That someone can build a 1 billion dollar beast on top of that, what any decent software engineer can do in a matter of days, just makes it so much worse.

Some people have a rather mellow attitude to it all and simply say "Don't hate the player, hate the game". I proclaim the right to hate the game and anyone who plays it. Apple should have some pride and a sense of dignity. Apple should be better than this.

Clearly they are not.



Firstly there is nothing trivial about it. The concept never existed before the iPhone and it is absolutely not intuitive that it is how list scrolling is supposed to work. It's unquestionably distinctive to the iPhone.

Secondly what a software engineer can do in a matter of days is a ridiculous and pointless measure of anything. I could build Google's original search engine once I knew exactly how it worked. It's the "how it works" part that is novel.

Thirdly you completely fail at understanding the maths here.

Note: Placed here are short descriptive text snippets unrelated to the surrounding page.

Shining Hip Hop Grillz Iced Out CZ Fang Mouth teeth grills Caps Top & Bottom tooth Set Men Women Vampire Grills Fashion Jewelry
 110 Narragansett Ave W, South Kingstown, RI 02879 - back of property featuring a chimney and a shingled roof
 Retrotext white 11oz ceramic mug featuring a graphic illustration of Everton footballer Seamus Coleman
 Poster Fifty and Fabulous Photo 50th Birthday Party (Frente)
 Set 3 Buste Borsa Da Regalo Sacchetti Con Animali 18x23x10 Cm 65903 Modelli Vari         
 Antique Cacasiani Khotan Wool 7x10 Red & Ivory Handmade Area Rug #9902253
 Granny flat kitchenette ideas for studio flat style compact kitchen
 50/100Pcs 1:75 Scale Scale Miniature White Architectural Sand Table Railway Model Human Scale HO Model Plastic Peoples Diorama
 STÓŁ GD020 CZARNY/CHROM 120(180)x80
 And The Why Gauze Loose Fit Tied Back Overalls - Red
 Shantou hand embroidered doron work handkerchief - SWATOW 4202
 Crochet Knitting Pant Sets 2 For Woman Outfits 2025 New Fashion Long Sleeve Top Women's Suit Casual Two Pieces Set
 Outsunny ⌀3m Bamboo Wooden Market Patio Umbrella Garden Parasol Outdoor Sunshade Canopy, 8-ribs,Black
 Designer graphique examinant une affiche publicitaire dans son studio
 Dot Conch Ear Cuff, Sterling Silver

The only reason it is a billion dollar idea is because Samsung sells so many devices.


> The concept never existed before the iPhone and it is absolutely not intuitive

The USPTO disagrees: http://www.fosspatents.com/2012/10/patent-office-tentatively...

"In a non-final Office action the USPTO has declared all 20 claims of Apple's rubber-banding patent (U.S. Patent No, 7,469,381 invalid [for prior art and obviousness]... A finding of anticipation is a determination that there was no inventive step at all."